Tant de merveilles ne se sont pas opérées à Troïtza sans éveiller dans le cœur des souverains ces sentimens de piété fastueuse qui se manifestent par des actes de munificence. Ceux-ci ont agrandi ses domaines, ceux-là lui ont donné à pleines mains, comme des rois d’Orient, des perles et des rubis. Au xve siècle, le couvent de Saint-Serge, naguère encore si pauvre et si obscur, était propriétaire et maître de plus de cent mille paysans.
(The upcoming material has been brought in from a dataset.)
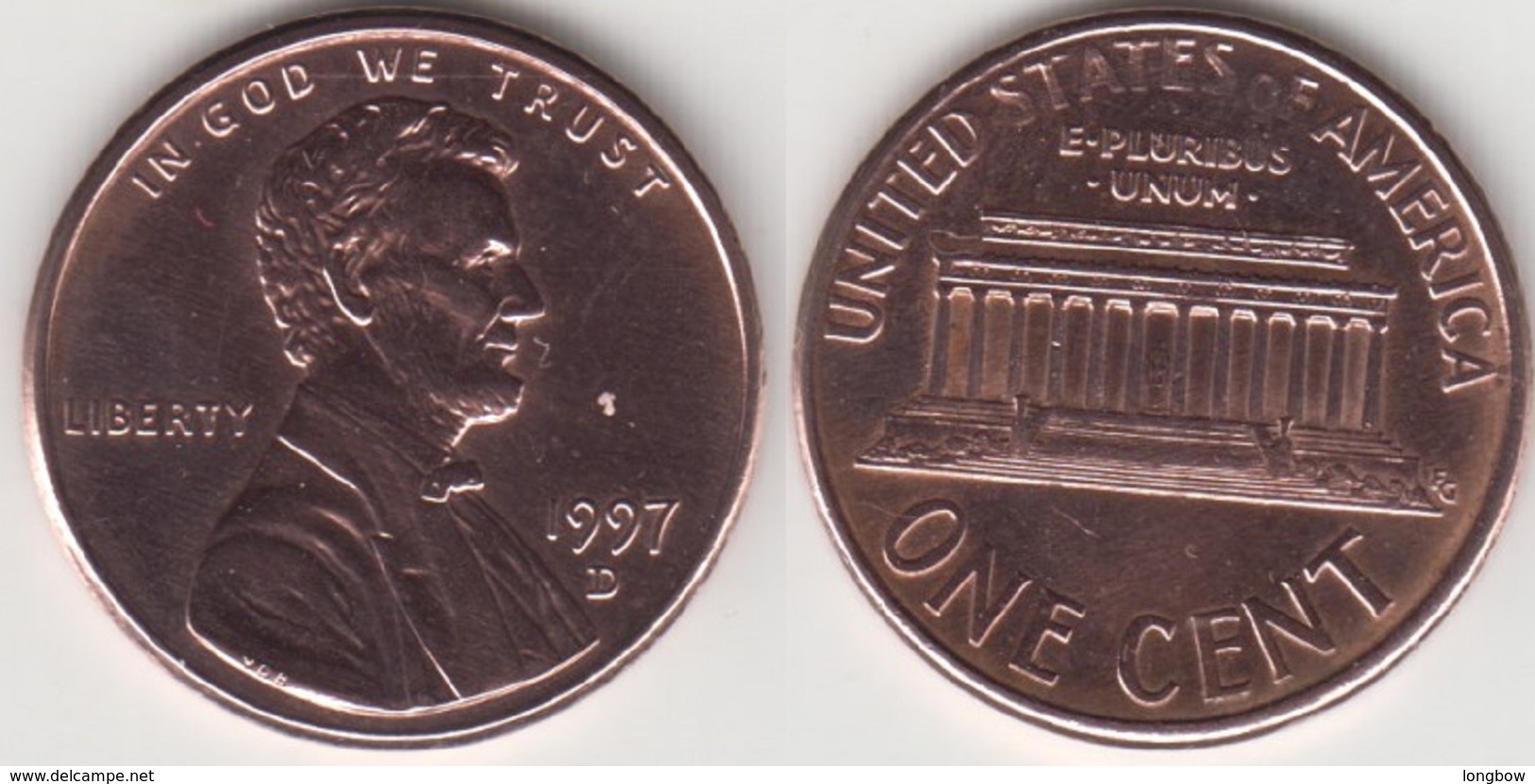 U.S.A. 1 Cent 1997D (Lincoln Memorial) Km#201b - Used - 1959-…: Lincoln, Memorial Reverse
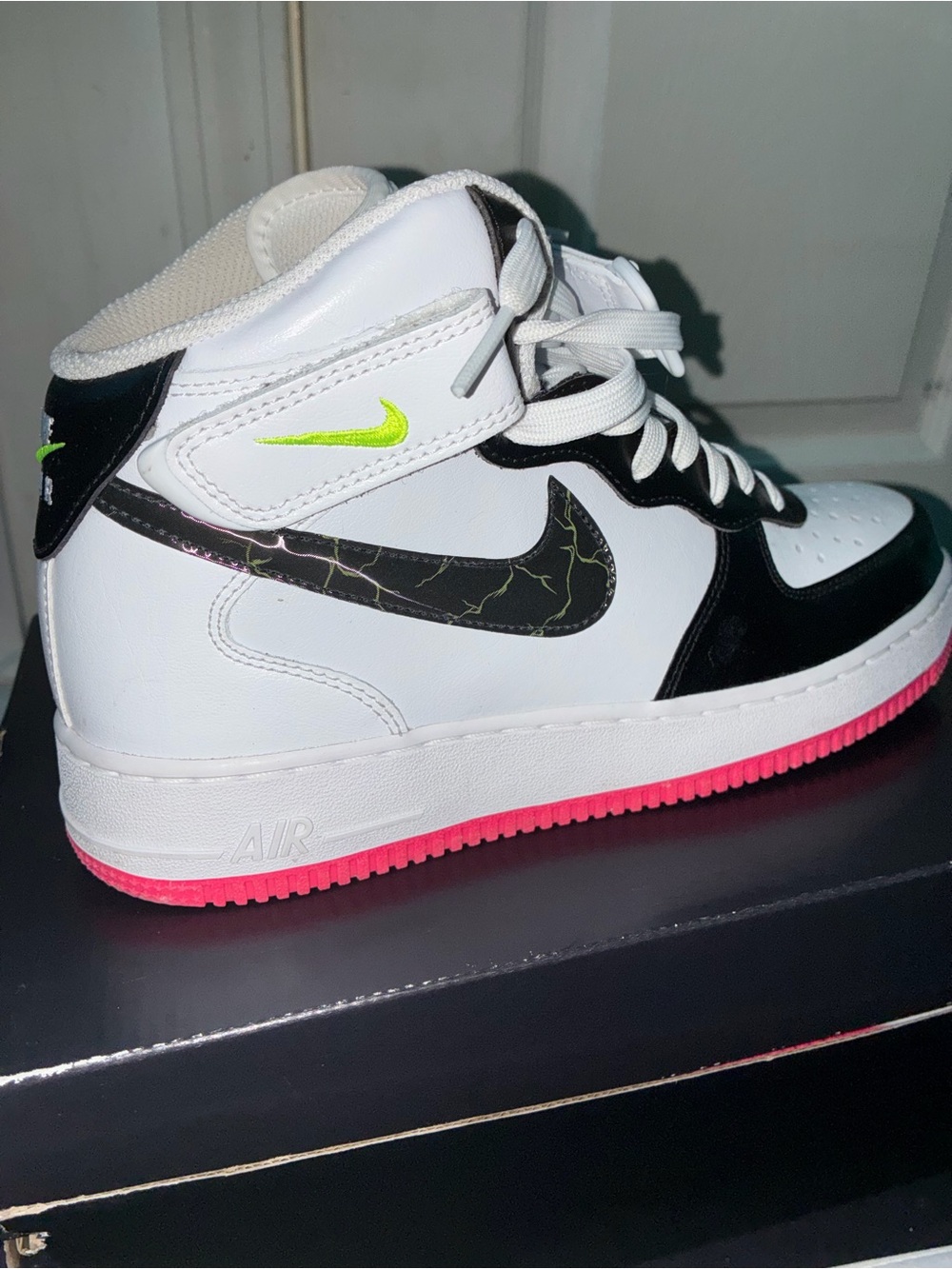 Nike Kids High-Top Sneakers in White, Black, Neon Lime & Hot Pink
Un ukase de Catherine II l’a dépossédé de cette propriété ; mais il lui est resté des maisons, des fermes, des enclos, et en comptant le produit de ses terres et des offrandes des pèlerins on évalue le revenu annuel du cloître à environ 300,000 fr.

Rester à Moscou sans aller à Troïtza, c’est rester à Naples sans monter au Vésuve, à Londres sans descendre sous les voûtes du Tunnel, à Stockholm sans gravir les sentiers pittoresques du Mosebacken. Troïtza est le premier nom que les Russes citent aux voyageurs et l’un des premiers édifices qu’ils lui signalent après le Kremlin. « N’irez-vous pas à Troïtza ? me dit un de ces bons Moscovites qui s’était fait avec une parfaite gracieuseté mon cicérone. — Oui, sans doute, j’y pense depuis que je suis ici. » Et le lendemain il arrivait à la porte de mon hôtel avec une large voiture à six chevaux, un postillon en tête, un cocher sur le siége, deux de ses amis à côté de lui, et les coffres remplis de verres, d’assiettes, de provisions de toute sorte. « Que dirait l’humble saint Serge, lui demandai-je, s’il nous voyait aller ainsi en pèlerinage à son couvent, avec ces bouteilles de vin de Champagne et ces pâtés de Moscou ? — Saint Serge, me répondit-il avec l’accent de l’humilité chrétienne, était un homme de Dieu, et nous autres nous ne sommes que de pauvres gens du monde assujétis encore aux besoins matériels ; d’ailleurs, quand vous entrerez dans nos auberges, vous verrez que nous n’avons pas pris une précaution tout-à-fait inutile. »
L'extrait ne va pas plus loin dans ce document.